Garbage collection in C++

J

James Kanze

"James Kanze" <[email protected]> wrote in message
[...]
That is, of course, the most obvious bullshit I've ever
seen. There are cases where garbage collection isn't
appropriate, and cases where it is necessary.
Humm.. Can you give an example or two of a scenario in which a
GC is absolutely required/necessary?

Off hand, no, but I think Hans Boehm had one.
For some reason, I can't seem to think of one off the top of
my head. What am I missing? Perhaps I misunderstand your use
of the word "necessary"...

Sort of. The statement wasn't meant to be taken as giving any
absolute limits, but rather simply to indicate that there is a
great range. (Of course, if you have limited resources to
develop the code, and garbage collection means you need to write
less lines of code---which it usually does---you could argue
that it is necessary to develop the code within budget.)
I have seen a couple of cases in which a GC covered up more
than a "simple memory leak". Simple example... What if the
memory leak was entangled in a logic error that sometimes
caused weird execution results. If the programmer was alerted
to the memory leak, perhaps he/she could have noticed the
logic error as well. Of course, this is highly contrived case.
However, it can occur.

Not with any of the organizations I've worked with. In the ones
which took quality seriously, code review and tests would have
detected the error. In the other ones, the leak likely would
have gone undetected.

Dangling pointers are a different issue. Garbage collection
allows reliable detection of dangling pointers to dynamically
allocated memory (but not to local variables); without garbage
collection, you can't detect the case reliably. And dangling
pointers are a known security risk for programs connecting to an
open network.
One bad thing about GC is that it sometimes pulls programmers
into a false sense of security,

Garbage collection is just a bunch of code. It doesn't "pull"
programmers in any way. Anthropomorphic analogies really don't
apply; code is not a living being.
and they end up creating a sloppy design. This is NOT the
fault of the GC, but of the lazy programmer.
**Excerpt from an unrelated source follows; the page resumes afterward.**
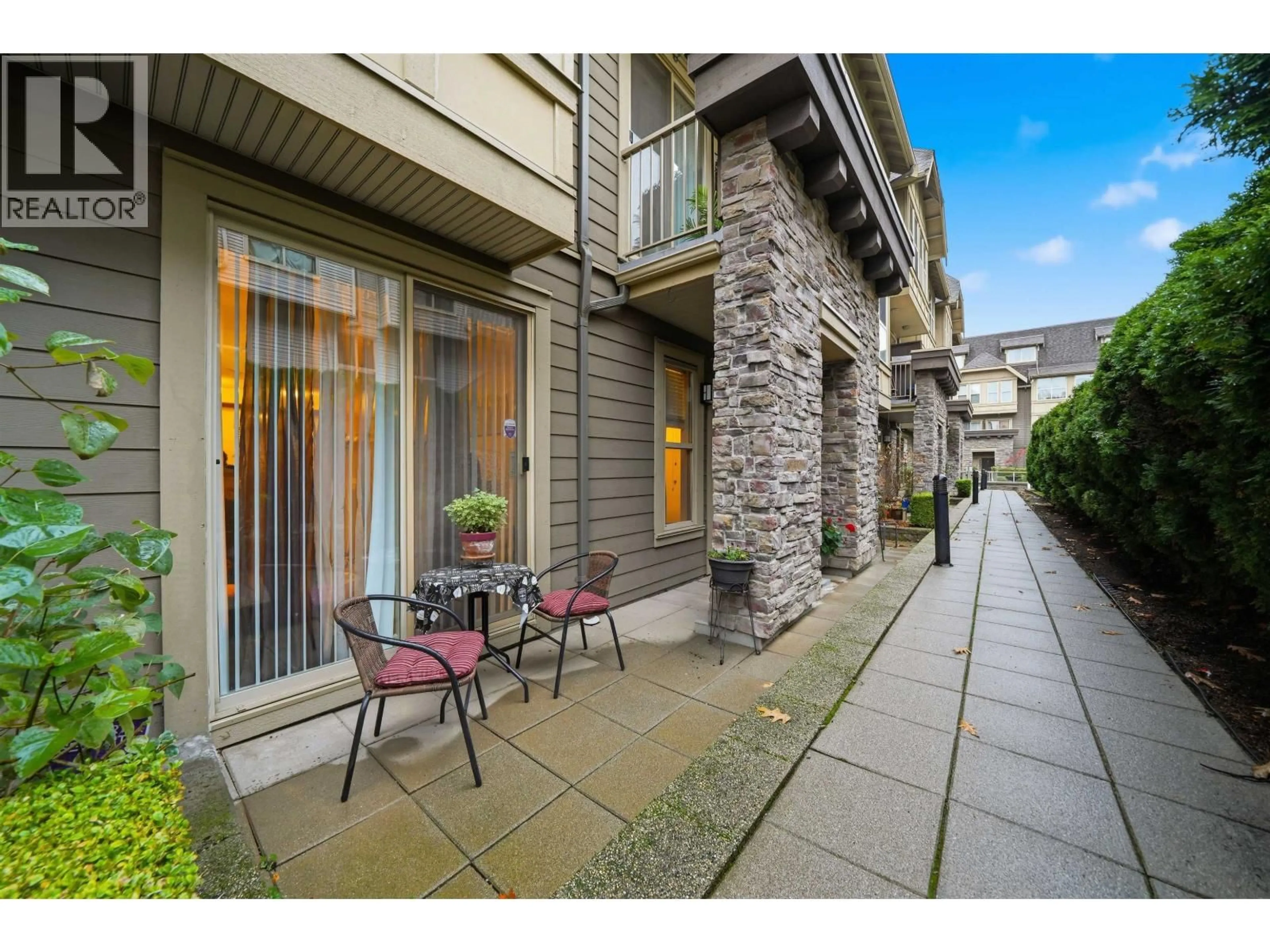 Patio, street for 117 - 2108 ROWLAND STREET, Port Coquitlam British Columbia V3C0C1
Or the incompetent one. Or the mismanaged one. But programmers
don't need garbage collection to be lazy, incompetent or
mismanaged.
One can create efficiently engineered programs _and_ use a GC
at the same time.

Certainly. And that's why it should be an available option, to
be used as appropriate.
 
S

Stefan Ram

James Kanze said:
won't give you a saw, because you might cut yourself. C++ gives
you a chain saw, a rip saw, a band saw, and a couple of other

This reminds me of:

»Like Perl, C++ is a swiss army chainsaw of a programming
language. Unlike Perl, it's got all the blades
simultaneously and permanently cast in a fixed half-open
position. Don't turn it on.«

http://fare.livejournal.com/135078.html

My usual set of quotations regarding garbage collection
might be known to some readers:

»There were two versions of it, one in Lisp and one in
C++. The display subsystem of the Lisp version was faster.
There were various reasons, but an important one was GC:
the C++ code copied a lot of buffers because they got
passed around in fairly complex ways, so it could be quite
difficult to know when one could be deallocated. To avoid
that problem, the C++ programmers just copied. The Lisp
was GCed, so the Lisp programmers never had to worry about
it; they just passed the buffers around, which reduced
both memory use and CPU cycles spent copying.«

<[email protected]>

»A lot of us thought in the 1990s that the big battle would
be between procedural and object oriented programming, and
we thought that object oriented programming would provide
a big boost in programmer productivity. I thought that,
too. Some people still think that. It turns out we were
wrong. Object oriented programming is handy dandy, but
it's not really the productivity booster that was
promised. The real significant productivity advance we've
had in programming has been from languages which manage
memory for you automatically.«

http://www.joelonsoftware.com/articles/APIWar.html

»[A]llocation in modern JVMs is far faster than the best
performing malloc implementations. The common code path
for new Object() in HotSpot 1.4.2 and later is
approximately 10 machine instructions (data provided by
Sun; see Resources), whereas the best performing malloc
implementations in C require on average between 60 and 100
instructions per call (Detlefs, et. al.; see Resources).
And allocation performance is not a trivial component of
overall performance -- benchmarks show that many
real-world C and C++ programs, such as Perl and
Ghostscript, spend 20 to 30 percent of their total
execution time in malloc and free -- far more than the
allocation and garbage collection overhead of a healthy
Java application (Zorn; see Resources).«

http://www-128.ibm.com/developerworks/java/library/j-jtp09275.html?ca=dgr-jw22JavaUrbanLegends

»Perhaps the most important realisation I had while developing
this critique is that high level languages are more important
to programming than object-orientation. That is, languages
which have the attribute that they remove the burden of
bookkeeping from the programmer to enhance maintainability and
flexibility are more significant than languages which just
add object-oriented features. While C++ adds object-orientation
to C, it fails in the more important attribute of being high
level. This greatly diminishes any benefits of the
object-oriented paradigm.«

http://burks.brighton.ac.uk/burks/pcinfo/progdocs/cppcrit/index005.htm
 
J

James Kanze

Attention! In practice the above is FALSE!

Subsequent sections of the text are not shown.